April 29, 2019

Machine learning models have demonstrated a vulnerability to adversarial perturbations. Adversarial perturbations are minor modifications to the input data that can cause machine learning models to output completely different predictions but that are not perceptible to the human eye.

Here’s an example (with the jupyter notebook) of what that looks like: In the figure below, after a very small perturbation (middle image) is added to the panda image (right), the neural network model returns recognizes the perturbed image (left) as a bucket. However, to a human observer, the perturbed panda looks exactly the same as the original panda.

Adversarial perturbation poses certain risks to machine learning applications that can have potential real-world impact. For example, researchers have shown that by putting black and white patches on a stop sign, state-of-the-art object detection systems cannot recognize the stop sign correctly anymore.

This problem is not only restricted to images: speech recognition systems and malware detection systems have all been shown to be vulnerable to similar attacks.
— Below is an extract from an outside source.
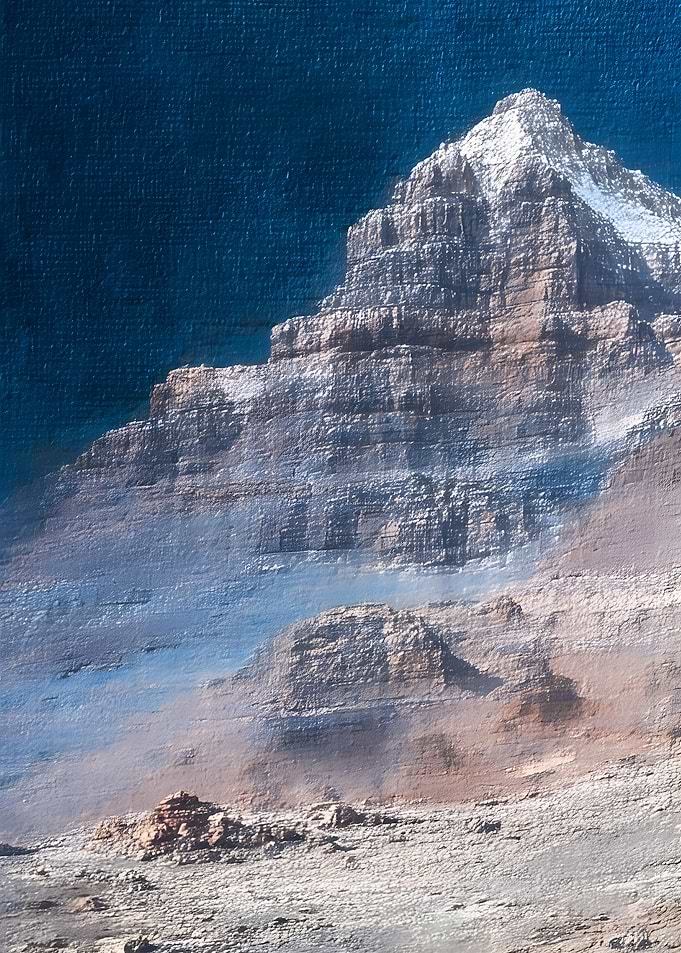 Textured Oil Painting of Mountain Peak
More broadly, realistic adversarial attacks could happen on machine learning systems whenever it might be profitable for adversaries, for instance, on fraudulent detection systems, identity recognition systems, and decision making systems.
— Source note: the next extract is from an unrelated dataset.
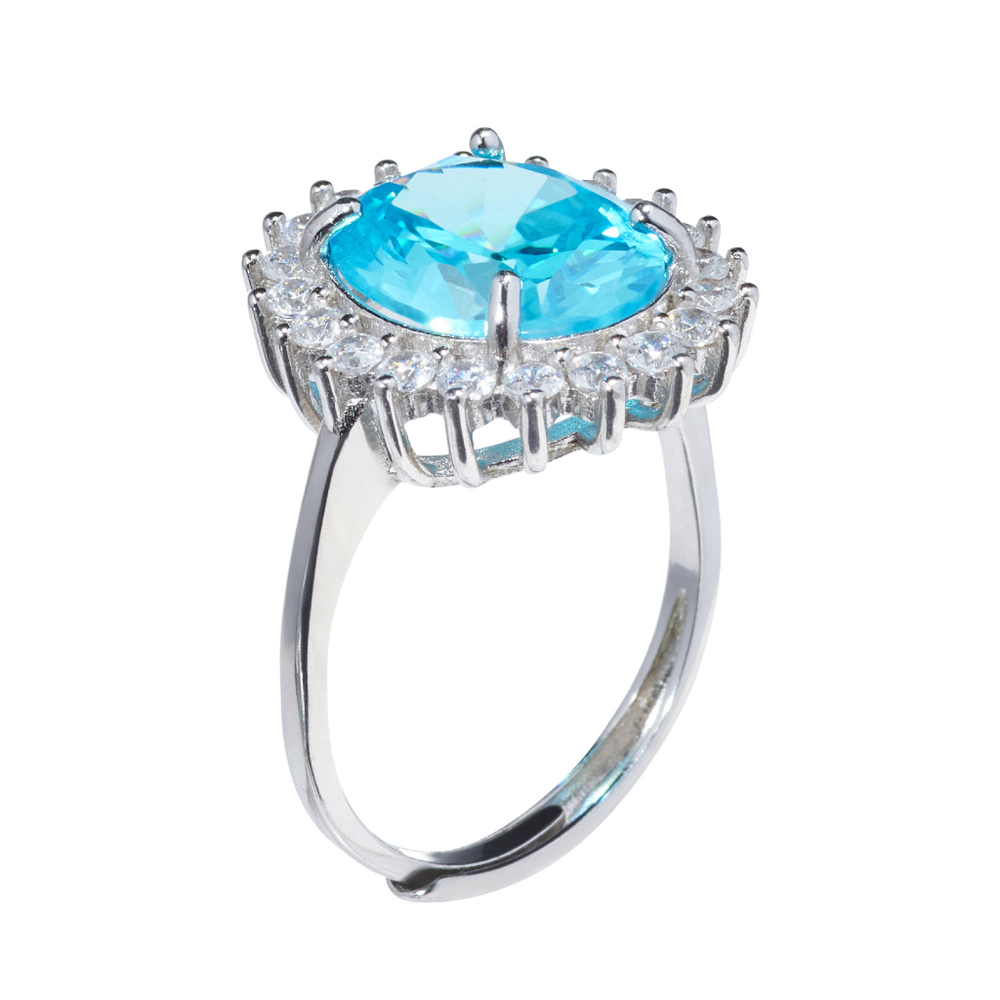 Кольцо-вечернее, серебрение 925, голубой овальный циркон, окантовка россыпь камней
AdverTorch (repo, report) is a tool we built at the Borealis AI research lab that implements a series of attack-and-defense strategies. The idea behind it emerged back in 2017, when my team began to do some focused research around adversarial robustness. At the time, we only had two tools at our disposal: CleverHans and Foolbox.

While these are both good tools, they had their respective limitations. Back then, CleverHans was only set up for TensorFlow, which limits its usage in other deep learning frameworks (in our case, PyTorch). Moreover, the static computational graph nature of TensorFlow makes the implementation of attacks less straight forward. For anyone new to this type of research, it can be hard to understand what’s going on if the attack is written in static graph language.
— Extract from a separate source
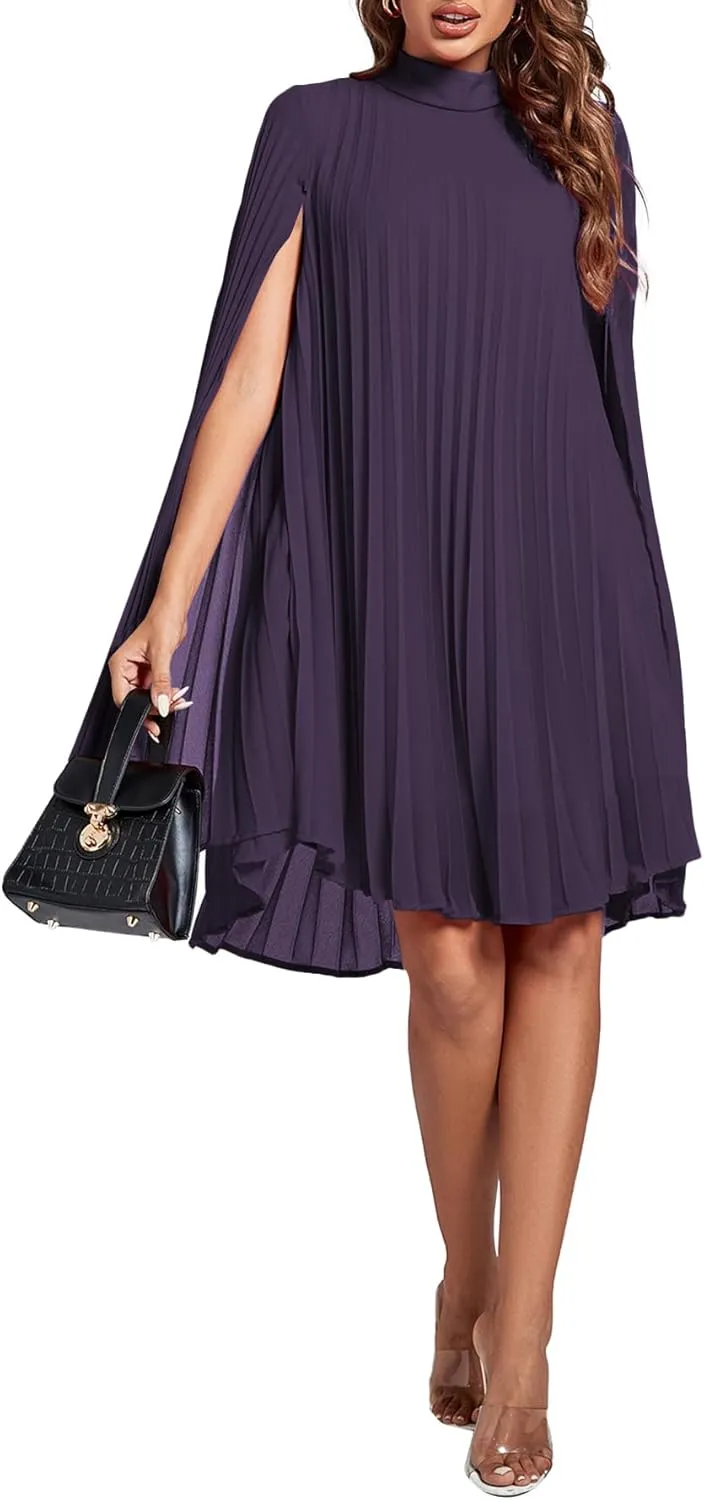 Rooscier Women's Mock Neck Cloak Sleeve Pleated Keyhole Back Flowy Party Midi Dress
Foolbox, on the other hand, contains various types of attack methods but it only supports running attacks image-by-image, and not batch-by-batch. These parameters make it slow to run and thus only suitable for running evaluations. At the time, Foolbox also lacked variety in the number of attacks, e.g. the projected gradient descent attack (PGD) and the Carlini-Wagner $\ell_2$-norm constrained attack.

In the absence of a toolbox that would serve more of our needs, we decide to implement our own. Creating a proprietary tool would also allow us to use our favorite language – PyTorch – which was not an option with the others.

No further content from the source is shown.